Local EMTs can now train how to enter a hot zone and rescue injured people even while law enforcement is still actively fighting any bad guys.
“It’s a beautiful facility, and they have so much stuff that we can utilize,” said Capt. Larry Hendrickson of the Binghamton Police Department, who is commander for the Metro SWAT team in the greater Binghamton area.
Hendrickson said he has been in SWAT for 20 years and has trained at the Center several times.
“It has gotten to a level where the training is so realistic,” he said. “That makes it so much easier for us to take care of these incidents.”
The Utica Police, New
Hartford Police and the
Oneida County Sheriff’s Office were among the more than 30 departments at the Preparedness Center this week, along with some EMTs from the New Hartford Police Department.

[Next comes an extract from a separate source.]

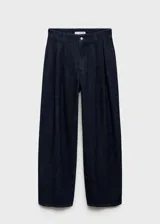 Pantalón de jean estilo wideleg en color azul oscuro. Presenta un diseño de tiro medio con cierre frontal de cremallera y botón, detalle de pinzas en la cintura, trabillas para cinturón y dos bolsillos laterales.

The training scenarios are modeled after real world terrorist attacks and are focused on cooperation between different state agencies.
There are active shooter scenarios, suicide bomber scenarios, hostage situations and more.
“We chose the scenarios based on what’s happening in the real world,” said Bob Stallman, assistant director at the Preparedness Center. “We need to be prepared for that.”
Along with adding EMS participants and K-9 trauma rescue scenario, this year’s Excelsior Challenge also saw the first use of the NY Responds system, including the Mutualink, which enhances on-site incident management. Stallman said the in-field officers are able to use cell phones and other cameras to relay information immediately back to command officers, providing real-time coverage of an unfolding event.
“The technology of today is great, and we’re trying to make sure we are as prepared as possible,” Stallman said.
This year also included students from the first year of SUNY Albany’s College of Emergency Preparedness, Homeland Security and Cybersecurity. The students were included in the exercise briefings, and served as role players in each of the scenarios.
Stallman said the Preparedness Center plans to continue the Excelsior Challenge as an annual event, adding more scenarios and training every year.
No real dogs were harmed during the training exercise.